━━ SOURCE MATERIAL

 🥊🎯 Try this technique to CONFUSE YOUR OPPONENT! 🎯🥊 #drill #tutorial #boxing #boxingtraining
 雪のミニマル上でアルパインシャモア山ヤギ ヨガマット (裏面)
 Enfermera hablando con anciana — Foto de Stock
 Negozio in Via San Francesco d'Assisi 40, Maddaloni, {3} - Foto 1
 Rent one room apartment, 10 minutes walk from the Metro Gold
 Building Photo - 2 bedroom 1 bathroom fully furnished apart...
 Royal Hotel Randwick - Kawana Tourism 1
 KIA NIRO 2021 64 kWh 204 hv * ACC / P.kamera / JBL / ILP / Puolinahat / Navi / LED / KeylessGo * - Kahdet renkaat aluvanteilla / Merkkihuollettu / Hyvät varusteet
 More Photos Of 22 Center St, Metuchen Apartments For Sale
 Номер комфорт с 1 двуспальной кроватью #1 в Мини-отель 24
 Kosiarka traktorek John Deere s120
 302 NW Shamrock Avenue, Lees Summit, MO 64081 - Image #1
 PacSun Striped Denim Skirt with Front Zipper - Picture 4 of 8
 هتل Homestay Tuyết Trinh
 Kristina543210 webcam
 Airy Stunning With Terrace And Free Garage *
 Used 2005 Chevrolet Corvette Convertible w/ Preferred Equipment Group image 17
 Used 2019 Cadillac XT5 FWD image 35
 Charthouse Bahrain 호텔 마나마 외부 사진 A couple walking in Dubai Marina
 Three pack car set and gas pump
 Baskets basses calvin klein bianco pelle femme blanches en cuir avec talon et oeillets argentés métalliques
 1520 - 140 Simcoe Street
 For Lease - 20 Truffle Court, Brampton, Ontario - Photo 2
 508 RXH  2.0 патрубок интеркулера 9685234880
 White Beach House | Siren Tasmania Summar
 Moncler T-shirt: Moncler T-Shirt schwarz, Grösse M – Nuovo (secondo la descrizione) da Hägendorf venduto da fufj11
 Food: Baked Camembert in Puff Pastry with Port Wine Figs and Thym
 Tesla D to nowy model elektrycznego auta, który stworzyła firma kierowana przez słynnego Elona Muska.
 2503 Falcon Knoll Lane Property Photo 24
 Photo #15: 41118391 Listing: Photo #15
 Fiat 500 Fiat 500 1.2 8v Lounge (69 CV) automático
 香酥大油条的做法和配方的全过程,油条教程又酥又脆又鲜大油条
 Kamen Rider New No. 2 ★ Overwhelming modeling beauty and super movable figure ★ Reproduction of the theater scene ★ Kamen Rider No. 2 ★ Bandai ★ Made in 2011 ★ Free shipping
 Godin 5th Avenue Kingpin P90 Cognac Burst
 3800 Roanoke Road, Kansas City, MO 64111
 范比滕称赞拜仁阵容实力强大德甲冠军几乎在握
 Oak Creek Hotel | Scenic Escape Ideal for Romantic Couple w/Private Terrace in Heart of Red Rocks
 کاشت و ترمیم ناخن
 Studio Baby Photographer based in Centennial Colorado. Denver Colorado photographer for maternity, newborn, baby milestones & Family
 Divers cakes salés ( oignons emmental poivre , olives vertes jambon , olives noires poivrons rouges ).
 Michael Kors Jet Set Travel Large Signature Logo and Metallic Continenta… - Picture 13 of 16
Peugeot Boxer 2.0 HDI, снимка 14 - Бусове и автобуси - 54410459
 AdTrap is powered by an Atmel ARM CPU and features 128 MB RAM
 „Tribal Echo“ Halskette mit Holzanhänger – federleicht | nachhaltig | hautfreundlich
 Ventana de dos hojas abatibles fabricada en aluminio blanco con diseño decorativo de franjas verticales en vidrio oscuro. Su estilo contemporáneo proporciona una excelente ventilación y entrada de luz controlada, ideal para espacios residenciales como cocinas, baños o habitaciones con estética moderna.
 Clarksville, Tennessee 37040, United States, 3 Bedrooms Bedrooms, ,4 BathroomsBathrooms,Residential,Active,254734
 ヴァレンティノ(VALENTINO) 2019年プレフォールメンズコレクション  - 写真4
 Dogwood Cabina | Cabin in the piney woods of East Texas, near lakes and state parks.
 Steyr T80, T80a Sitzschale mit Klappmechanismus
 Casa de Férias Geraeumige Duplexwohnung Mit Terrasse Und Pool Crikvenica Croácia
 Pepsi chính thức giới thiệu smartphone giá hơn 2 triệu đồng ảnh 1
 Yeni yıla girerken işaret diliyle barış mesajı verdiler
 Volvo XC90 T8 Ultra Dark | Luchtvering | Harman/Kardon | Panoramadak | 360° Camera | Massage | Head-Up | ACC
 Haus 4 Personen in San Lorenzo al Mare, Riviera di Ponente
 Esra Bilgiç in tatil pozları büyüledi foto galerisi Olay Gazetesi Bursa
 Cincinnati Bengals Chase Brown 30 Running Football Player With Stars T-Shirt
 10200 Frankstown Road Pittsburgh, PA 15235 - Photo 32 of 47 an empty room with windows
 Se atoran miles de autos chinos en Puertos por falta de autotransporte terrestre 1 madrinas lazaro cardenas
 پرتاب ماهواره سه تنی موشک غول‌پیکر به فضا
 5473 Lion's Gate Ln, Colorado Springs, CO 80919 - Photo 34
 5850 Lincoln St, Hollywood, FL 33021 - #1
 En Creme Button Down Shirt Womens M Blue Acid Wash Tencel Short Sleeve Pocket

━━━━

**WHAT YOU HAVE TO DO:**
Starting at the line above that holds "302 NW Shamrock" and ending at the line that holds "1520 - 140 Simcoe Street", transcribe each line exactly and include no other lines.

**REPLY:**
 302 NW Shamrock Avenue, Lees Summit, MO 64081 - Image #1
 PacSun Striped Denim Skirt with Front Zipper - Picture 4 of 8
 هتل Homestay Tuyết Trinh
 Kristina543210 webcam
 Airy Stunning With Terrace And Free Garage *
 Used 2005 Chevrolet Corvette Convertible w/ Preferred Equipment Group image 17
 Used 2019 Cadillac XT5 FWD image 35
 Charthouse Bahrain 호텔 마나마 외부 사진 A couple walking in Dubai Marina
 Three pack car set and gas pump
 Baskets basses calvin klein bianco pelle femme blanches en cuir avec talon et oeillets argentés métalliques
 1520 - 140 Simcoe Street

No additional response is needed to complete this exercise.